Brief →
Reproduce every record below exactly, without the pictures.

Records for the exercise →
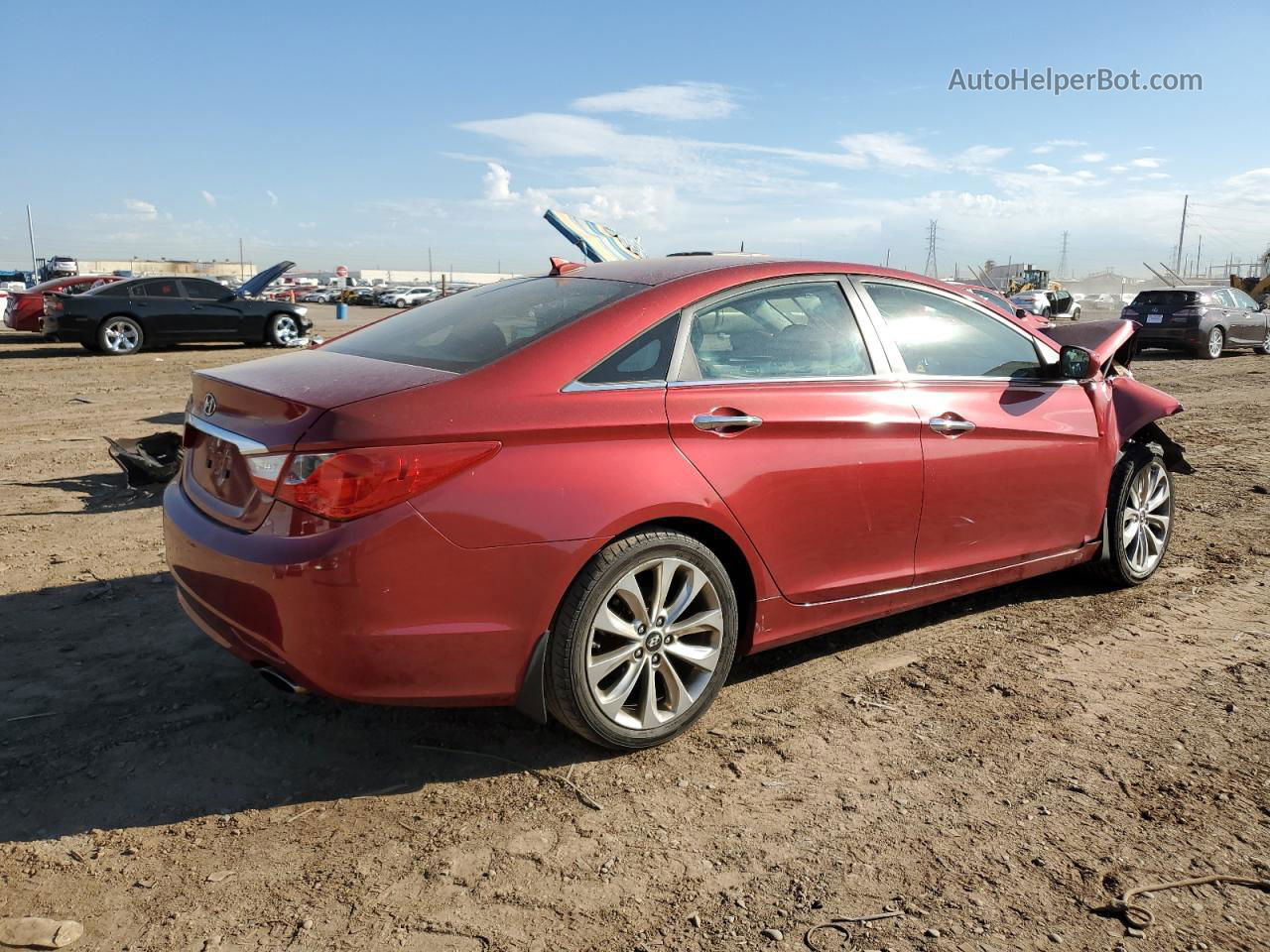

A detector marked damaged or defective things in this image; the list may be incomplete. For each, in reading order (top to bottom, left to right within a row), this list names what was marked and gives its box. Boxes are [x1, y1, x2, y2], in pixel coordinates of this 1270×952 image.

damaged red car [161, 257, 1189, 751]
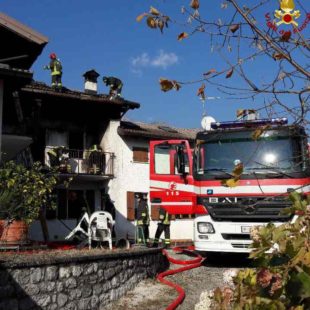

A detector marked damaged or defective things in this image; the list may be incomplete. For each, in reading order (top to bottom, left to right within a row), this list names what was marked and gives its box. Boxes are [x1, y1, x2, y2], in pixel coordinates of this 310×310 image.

burnt roof section [0, 11, 48, 68]
burnt roof section [20, 81, 139, 109]
burnt roof section [117, 121, 197, 140]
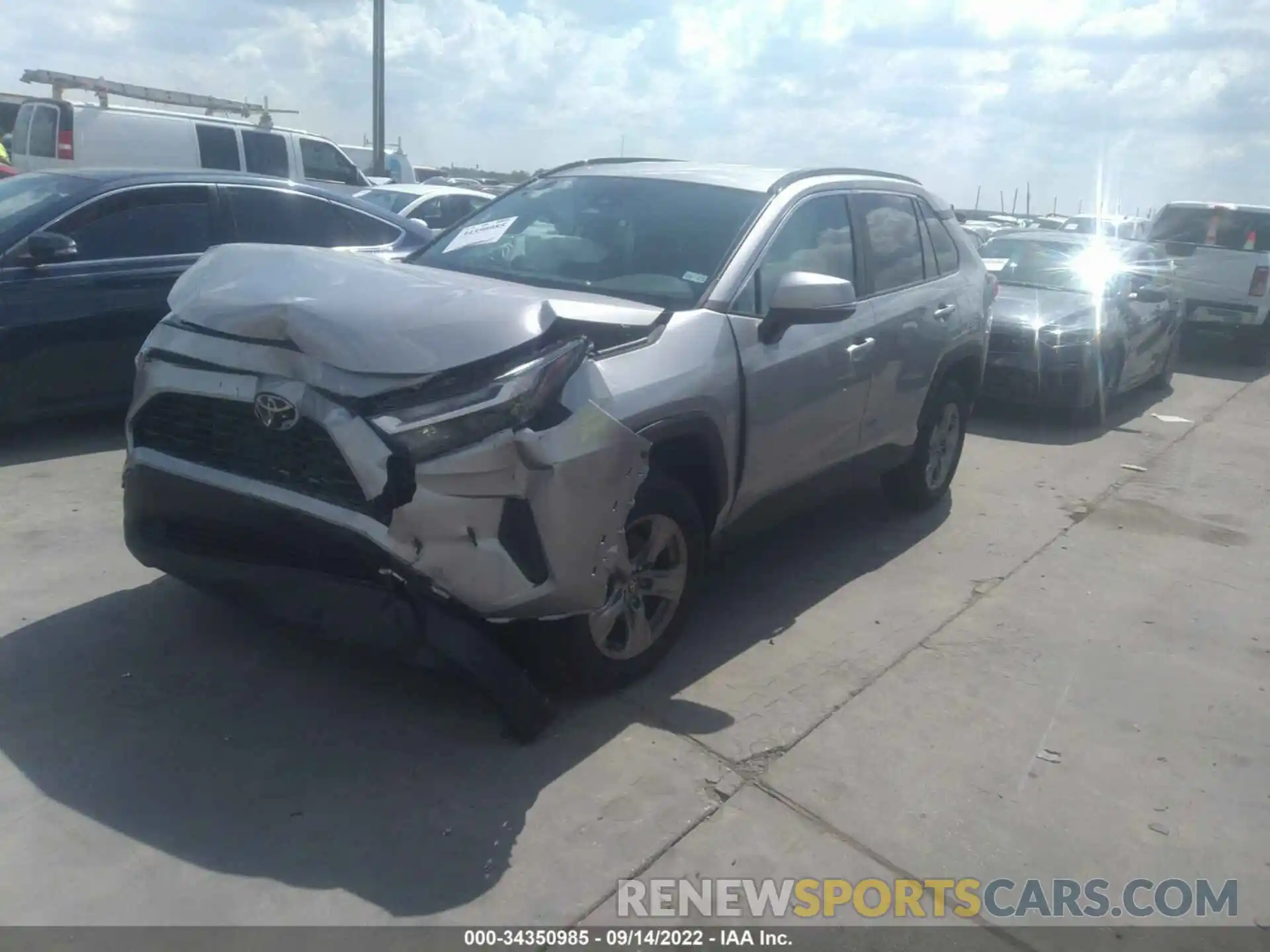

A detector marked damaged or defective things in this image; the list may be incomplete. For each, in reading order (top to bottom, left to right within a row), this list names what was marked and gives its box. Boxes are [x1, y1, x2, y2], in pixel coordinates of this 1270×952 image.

crumpled hood [166, 243, 665, 376]
crumpled hood [995, 283, 1097, 333]
broken front bumper [124, 342, 650, 627]
damaged front end [122, 246, 655, 627]
exposed headlight housing [370, 337, 591, 464]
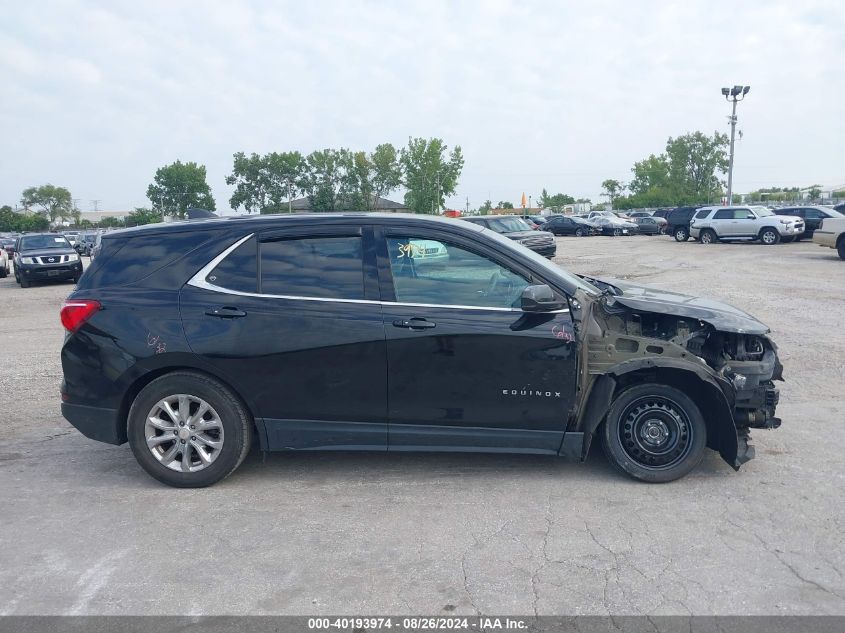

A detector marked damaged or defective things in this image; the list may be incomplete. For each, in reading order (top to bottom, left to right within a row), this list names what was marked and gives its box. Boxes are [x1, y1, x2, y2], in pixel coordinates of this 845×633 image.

cracked pavement [1, 237, 844, 612]
damaged front end of suv [568, 276, 784, 478]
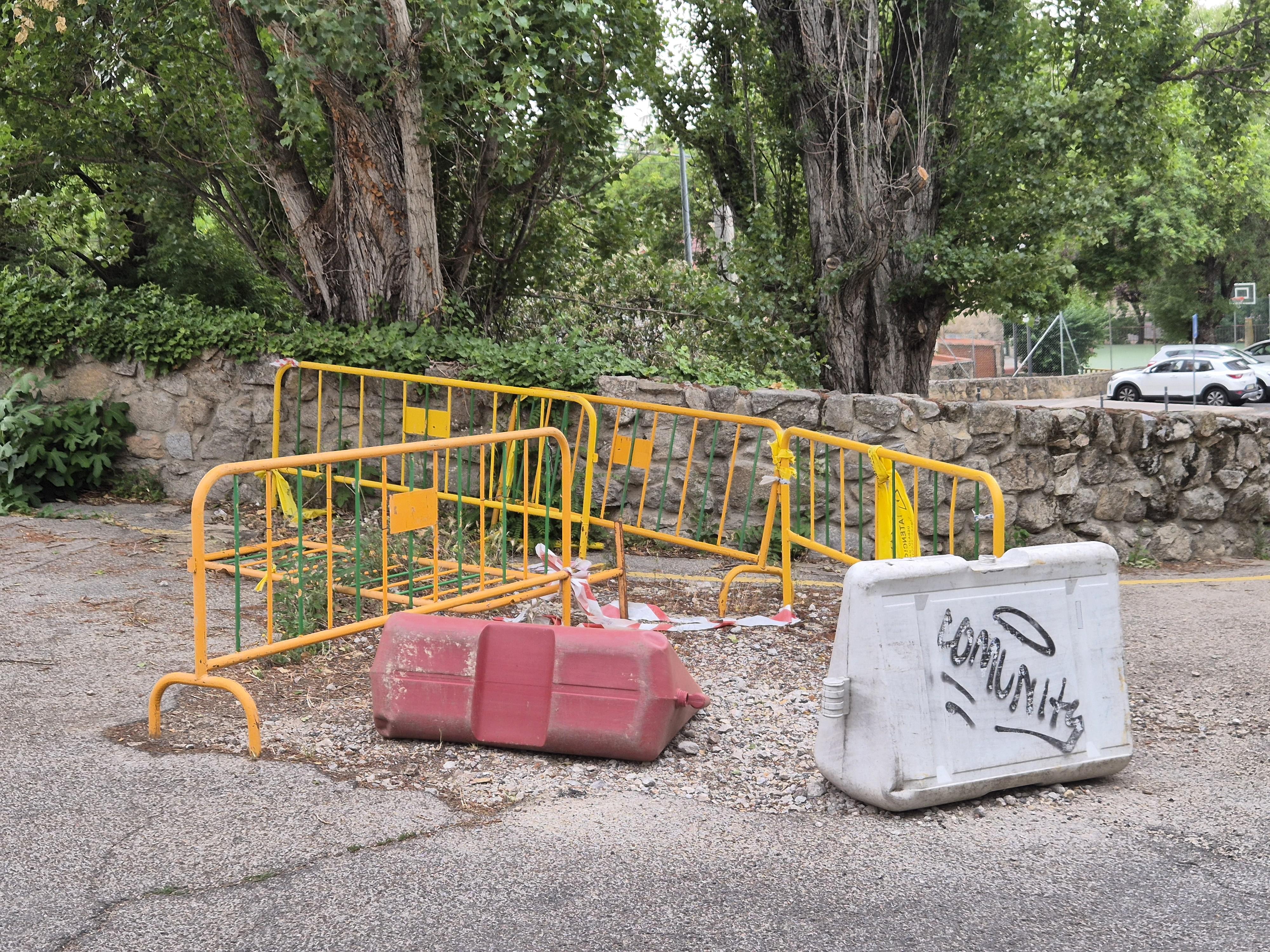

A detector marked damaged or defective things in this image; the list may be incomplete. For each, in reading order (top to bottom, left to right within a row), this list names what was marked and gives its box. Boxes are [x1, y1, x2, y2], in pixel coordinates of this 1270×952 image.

cracked asphalt road [0, 503, 1265, 949]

Answer space →
A detector marked damaged or defective things in this image; the list may be incomplete. For each, in reading order (top to bottom, left to right within a row), this list names what was marked and gives its box. Boxes are [x1, y1, x2, y2], in pixel coordinates of this 1270×952 image.

damaged red car [161, 257, 1189, 751]

A detector marked damaged or defective things in this image; the list may be incomplete. For each, in reading order (top to bottom, left to right within a row), this list names what was marked and gives its box. Boxes are [x1, y1, x2, y2], in pixel coordinates of this 310×310 image.

burnt roof section [0, 11, 48, 68]
burnt roof section [20, 81, 139, 109]
burnt roof section [117, 121, 197, 140]

A detector marked damaged or defective things in this image; the list may be incomplete. For each, in reading order (top to bottom, left to right within a row), this list names what was marked and gives its box. Boxes are [x1, y1, x2, y2], in pixel coordinates of this 1270×952 image.

crumpled hood [166, 243, 665, 376]
crumpled hood [995, 283, 1097, 333]
broken front bumper [124, 342, 650, 627]
damaged front end [122, 246, 655, 627]
exposed headlight housing [370, 337, 591, 464]

A detector marked damaged or defective things in this image; the list may be incomplete. For each, in reading order (top to bottom, left to right within a row), this list names what was marked and gives its box. Boxes are [x1, y1, x2, y2], in pixel coordinates of this 845×633 image.

cracked pavement [1, 237, 844, 612]
damaged front end of suv [568, 276, 784, 478]

A detector marked damaged or defective things in this image; the list may be incomplete. For each, in reading order (top to bottom, left to right within a row), this list names what was marked and gives its box. Boxes are [x1, y1, x2, y2], in pixel coordinates of this 1270×952 image.

cracked asphalt road [0, 503, 1265, 949]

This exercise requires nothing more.